Sunday, March 5, 2017

This is why you never want me to do the grocery shopping...

It's the first Sunday in March.
After  I ran with  my running group Saturday, it seemed to rain off and on most of the day.  Today after the gym I ended up going to Walmart so I had some food to pack for my lunch this coming week.   On top of buying oranges, strawberries, and chicken I ended up buying 5 boxes of Girl Scout cookies. I am a sucker, I know, and this isn't the first time I've done something like that. Last time I was with my friend Carrie, I ended up buying more clothes for work and working out, just because. Plus, I don't know what it is, but you can't say no to them when they are out there selling cookies.

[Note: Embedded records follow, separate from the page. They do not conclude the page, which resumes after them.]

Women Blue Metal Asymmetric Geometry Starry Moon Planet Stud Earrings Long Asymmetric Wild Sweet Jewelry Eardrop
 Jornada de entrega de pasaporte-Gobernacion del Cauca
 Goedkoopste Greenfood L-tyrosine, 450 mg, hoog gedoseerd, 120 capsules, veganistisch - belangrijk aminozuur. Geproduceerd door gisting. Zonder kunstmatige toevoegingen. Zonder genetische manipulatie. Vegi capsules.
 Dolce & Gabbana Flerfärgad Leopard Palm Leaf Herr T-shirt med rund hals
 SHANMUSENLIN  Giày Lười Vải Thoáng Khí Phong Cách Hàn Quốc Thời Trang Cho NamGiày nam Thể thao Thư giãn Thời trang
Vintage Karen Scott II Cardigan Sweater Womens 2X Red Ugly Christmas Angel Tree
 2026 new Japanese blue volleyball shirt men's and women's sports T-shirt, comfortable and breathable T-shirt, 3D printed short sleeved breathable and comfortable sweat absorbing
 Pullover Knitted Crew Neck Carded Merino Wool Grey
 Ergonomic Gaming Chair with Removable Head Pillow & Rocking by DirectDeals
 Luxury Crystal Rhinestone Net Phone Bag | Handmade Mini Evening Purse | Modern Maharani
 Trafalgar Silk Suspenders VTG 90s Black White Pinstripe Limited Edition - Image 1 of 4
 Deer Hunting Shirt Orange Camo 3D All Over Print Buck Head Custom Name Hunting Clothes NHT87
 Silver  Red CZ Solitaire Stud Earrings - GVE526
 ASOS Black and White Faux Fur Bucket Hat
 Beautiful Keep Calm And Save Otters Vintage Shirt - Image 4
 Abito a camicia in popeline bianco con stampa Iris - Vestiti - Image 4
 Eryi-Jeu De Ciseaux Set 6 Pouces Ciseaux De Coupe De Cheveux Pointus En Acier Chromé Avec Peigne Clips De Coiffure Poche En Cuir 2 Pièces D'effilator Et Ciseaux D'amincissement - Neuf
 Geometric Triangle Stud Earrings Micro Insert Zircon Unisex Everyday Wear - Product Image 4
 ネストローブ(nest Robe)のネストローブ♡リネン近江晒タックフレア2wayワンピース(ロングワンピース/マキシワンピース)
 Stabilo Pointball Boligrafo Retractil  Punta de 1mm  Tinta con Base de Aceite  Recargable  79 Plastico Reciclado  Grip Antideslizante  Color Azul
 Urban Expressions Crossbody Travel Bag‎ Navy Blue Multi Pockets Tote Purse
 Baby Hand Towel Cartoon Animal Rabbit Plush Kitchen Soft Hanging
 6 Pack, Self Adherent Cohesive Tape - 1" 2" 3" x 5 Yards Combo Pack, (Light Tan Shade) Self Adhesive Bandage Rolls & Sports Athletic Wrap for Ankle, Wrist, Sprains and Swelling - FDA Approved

So if you need some girl scout cookies, well if you know me, you know where to find me.*hehe*
Love you all,
Donna

Friday, March 3, 2017

Musical Night

Tonight "all the world's a stage."
I ended up putting the musical "Chicago" on Netflix.  If there is one musical I can watch over and over again it's that.  I love how the whole movie is a big metaphor for life's a stage.  The concept is the main charecter Roxie Hart  wants to be an actress so she sees her life as a show . The movie transitions between fantasy and reality as Roxie is put on trial for murder, which Roxie realizes she can use to get what she wants- to be onstage. 
After that, I put on a tale as old as time "Beauty and the Beast." I put it in right now the movie I can not wait to see is the live action version of  "Beauty and the Beast." I am really excited to see what Emma Watson did with the part of Belle. "Beauty and the Beast"  has been my favorite Disney movie since it came out in 1991. (I don't have a problem , do I ?)
I love it because it is the most complex of the fairy tales. Instead of the typical boy meets girl, they fall in love instantly and then there is some sort of obstacle  they have to overcome before they can be together, Belle  doesn't want to be with the Beast at all in the beginning. It's not until later on in the movie that Belle and the Beast develop a friendship, and then ultimately a romance.
I can relate because even today my mom can tell you like Belle, I always have my head in the clouds. Plus, the townspeople say it's ironic the fact that Belle's name means beauty. I find it ironic my name, Donna means lady. I still wonder if I live up to that name.
I know I am still  a big kid for the most part. I am still waiting for my acceptance letter to go to Hogwarts.  I am not motivated to clean until I need to, and I drink way too much coffee.
If I don't live up to it now, I hope I do someday.
Love you all
Donna

Wednesday, March 1, 2017

Making the bed you sleep in

Happy Wednesday everyone!
So far the week has been the usual- back to work. Today I got some clothes put away since I really didn't on Sunday or Monday, or Tuesday. ( I know I sound ambitious.) But Sunday I crashed literally as soon as I got home, and then Monday and Tuesday it was back to work.    Lately I have began to wonder about choices.  I have wondered where I would be if I went to college in Texas instead of in Washington.  I've wondered what other choices I could have made differently and where I would be now if I made those choices.  I do wish we had a way we could go back in time once in a while. After high school and college, life gets nothing but more complicated- darn reality.
My mom constantly reminds me that we reap what we sew. I understand, but at the same time I wish that saying could make an exception in my case.  I am just going along this road call life as I go along just like everyone else. Plus, I know I have made alot of mistakes. I can only hope I have done a few things right. Besides,we don't always know how things are going to pan out in the future.
 But while we don't always know how things will turn out,  we can do is the best with the cards we are dealt. After all like they say in Avenue Q , everything good and bad in life is only "for now."